**YOUR OBJECTIVE:** An exact restatement of the data below, with the pictures removed, is the required answer.

**RAW DATA:**

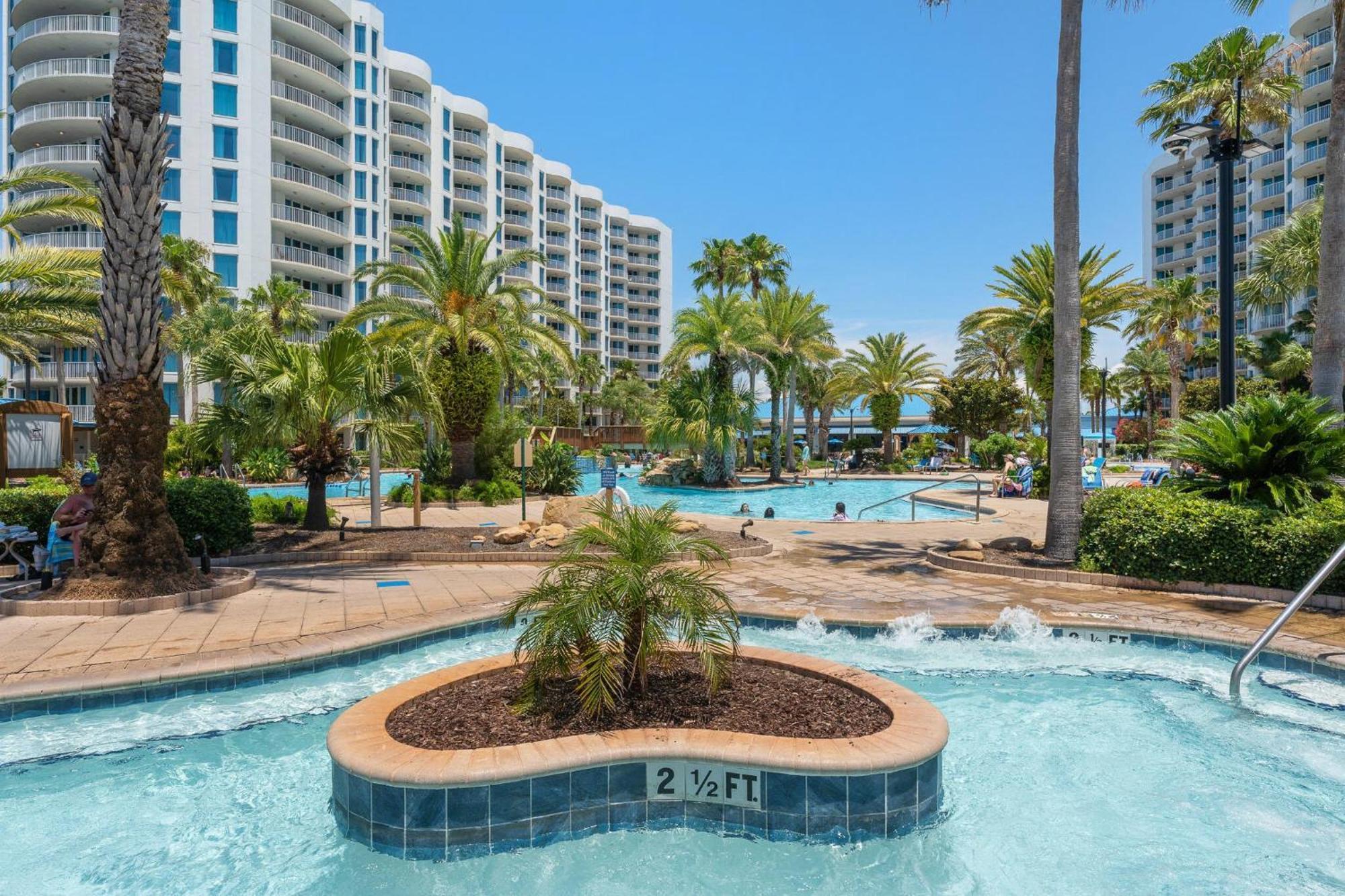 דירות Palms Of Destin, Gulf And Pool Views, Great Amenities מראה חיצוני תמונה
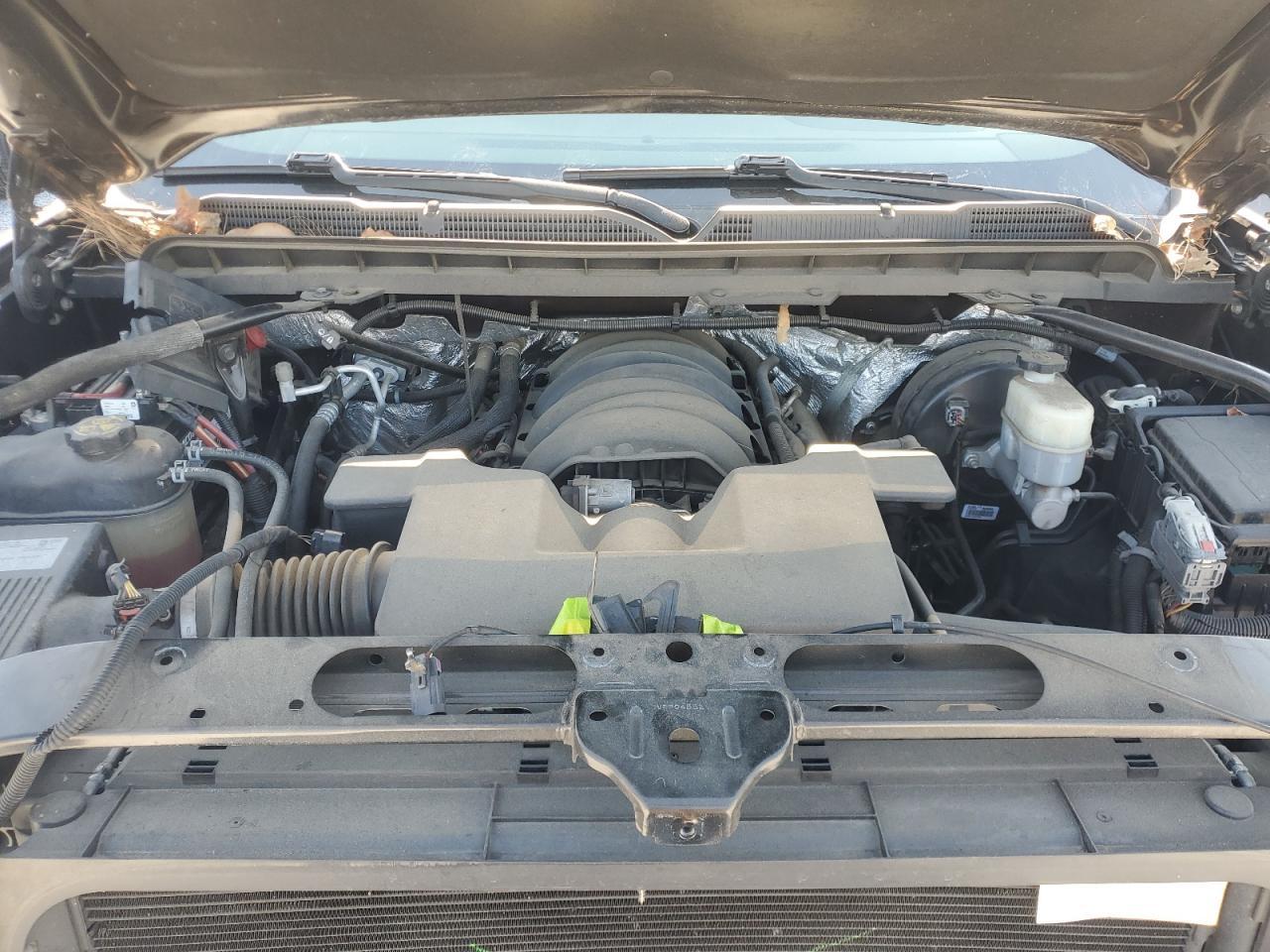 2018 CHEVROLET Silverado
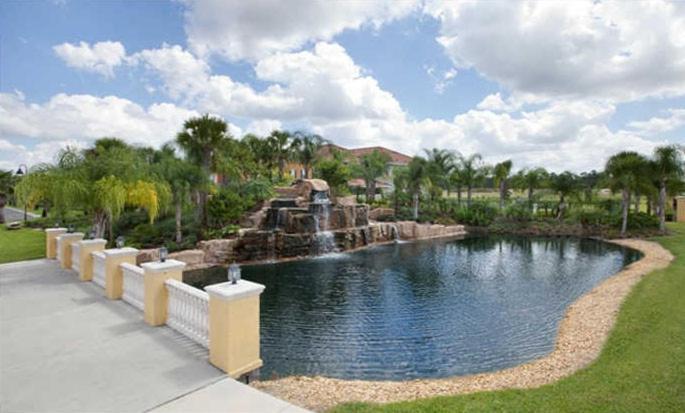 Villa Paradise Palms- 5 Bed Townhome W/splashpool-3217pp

**OUTPUT:**
 דירות Palms Of Destin, Gulf And Pool Views, Great Amenities מראה חיצוני תמונה
 2018 CHEVROLET Silverado
 Villa Paradise Palms- 5 Bed Townhome W/splashpool-3217pp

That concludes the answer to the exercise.